What you have to do:
Below are the records; return every line from the one that contains "Russia, St. Petersburg, the" to the last, exactly, skipping the pictures.

Records for the exercise:
▼
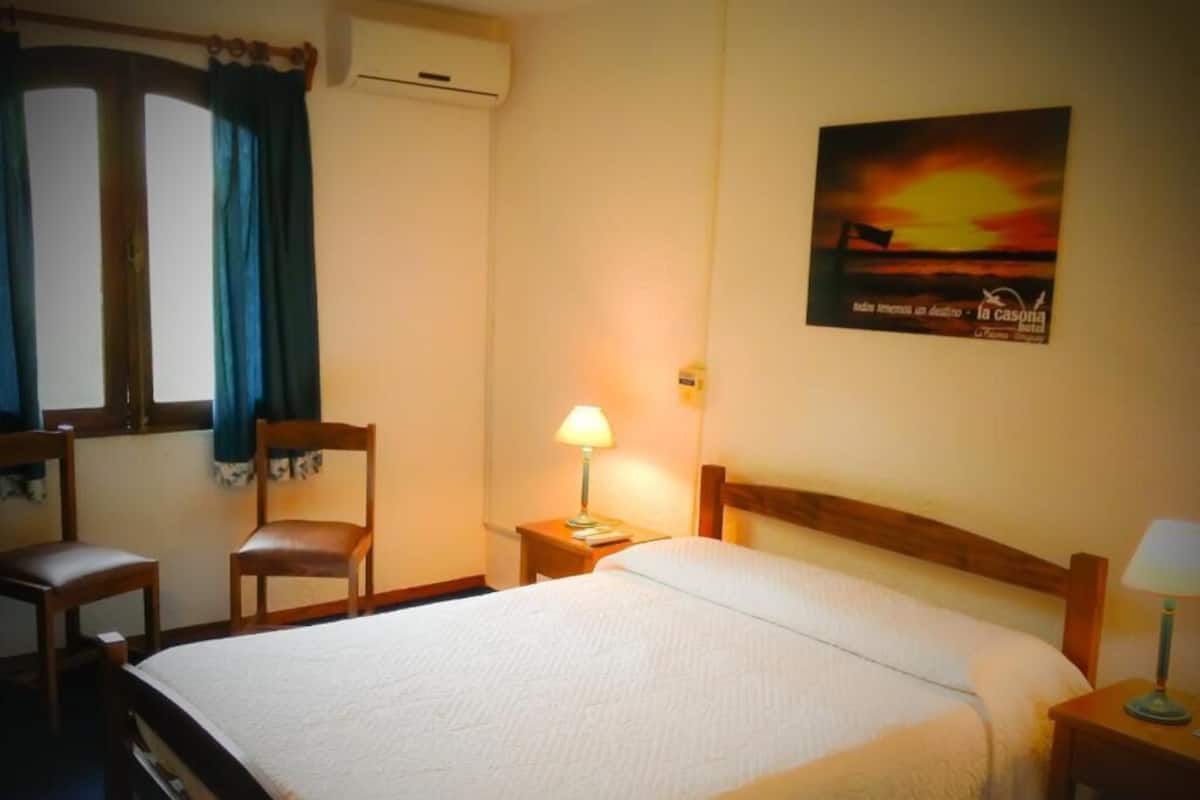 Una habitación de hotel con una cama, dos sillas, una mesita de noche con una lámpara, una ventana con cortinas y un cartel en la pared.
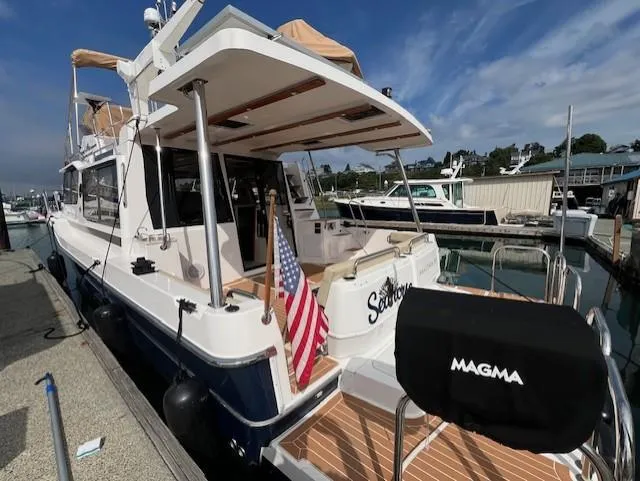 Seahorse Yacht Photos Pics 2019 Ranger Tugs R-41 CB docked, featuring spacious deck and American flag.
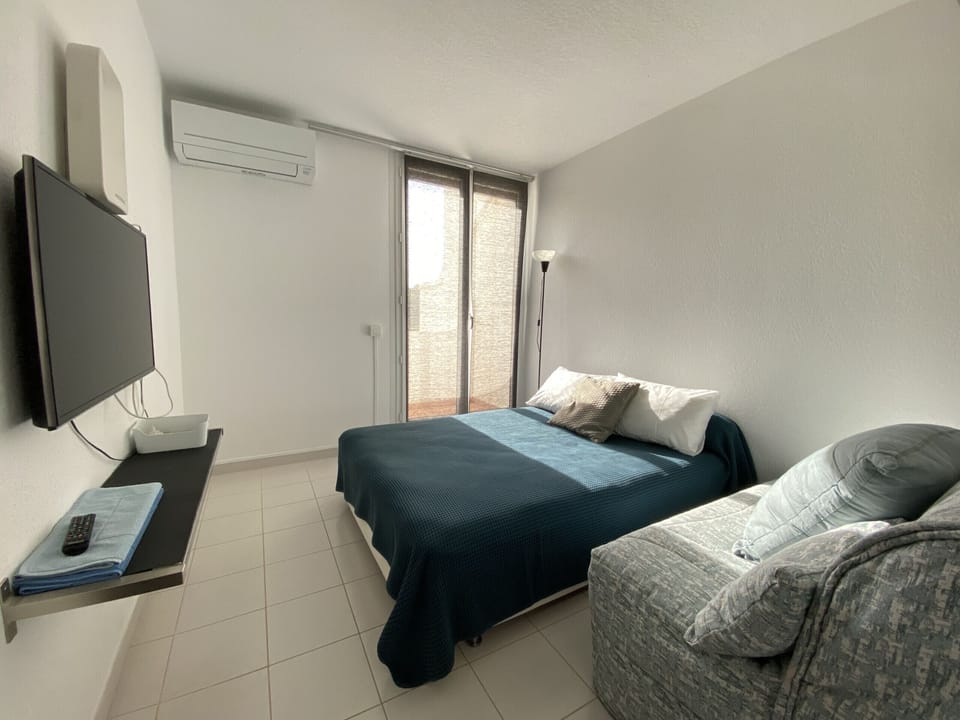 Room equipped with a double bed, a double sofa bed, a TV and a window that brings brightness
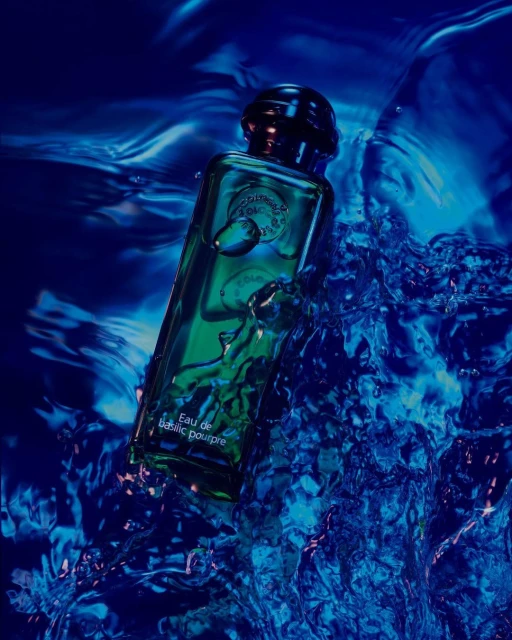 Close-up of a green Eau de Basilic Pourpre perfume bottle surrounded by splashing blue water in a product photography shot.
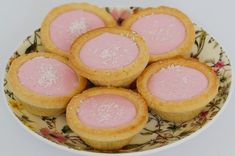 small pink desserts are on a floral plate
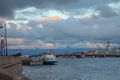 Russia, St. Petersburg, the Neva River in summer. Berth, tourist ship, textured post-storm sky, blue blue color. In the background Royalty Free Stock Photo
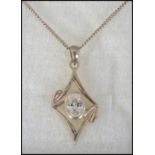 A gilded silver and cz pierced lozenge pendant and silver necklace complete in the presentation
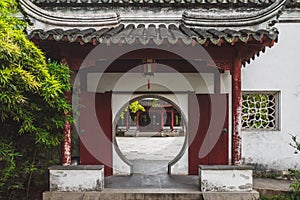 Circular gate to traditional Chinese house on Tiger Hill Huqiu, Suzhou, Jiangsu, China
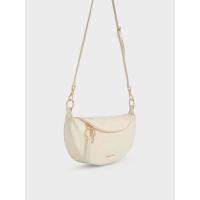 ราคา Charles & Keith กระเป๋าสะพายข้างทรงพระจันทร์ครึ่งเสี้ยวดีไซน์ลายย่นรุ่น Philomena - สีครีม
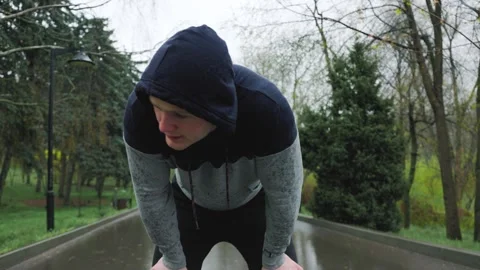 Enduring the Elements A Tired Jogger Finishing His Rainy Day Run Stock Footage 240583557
▲
Solved problem:
 Russia, St. Petersburg, the Neva River in summer. Berth, tourist ship, textured post-storm sky, blue blue color. In the background Royalty Free Stock Photo
 A gilded silver and cz pierced lozenge pendant and silver necklace complete in the presentation
 Circular gate to traditional Chinese house on Tiger Hill Huqiu, Suzhou, Jiangsu, China
 ราคา Charles & Keith กระเป๋าสะพายข้างทรงพระจันทร์ครึ่งเสี้ยวดีไซน์ลายย่นรุ่น Philomena - สีครีม
 Enduring the Elements A Tired Jogger Finishing His Rainy Day Run Stock Footage 240583557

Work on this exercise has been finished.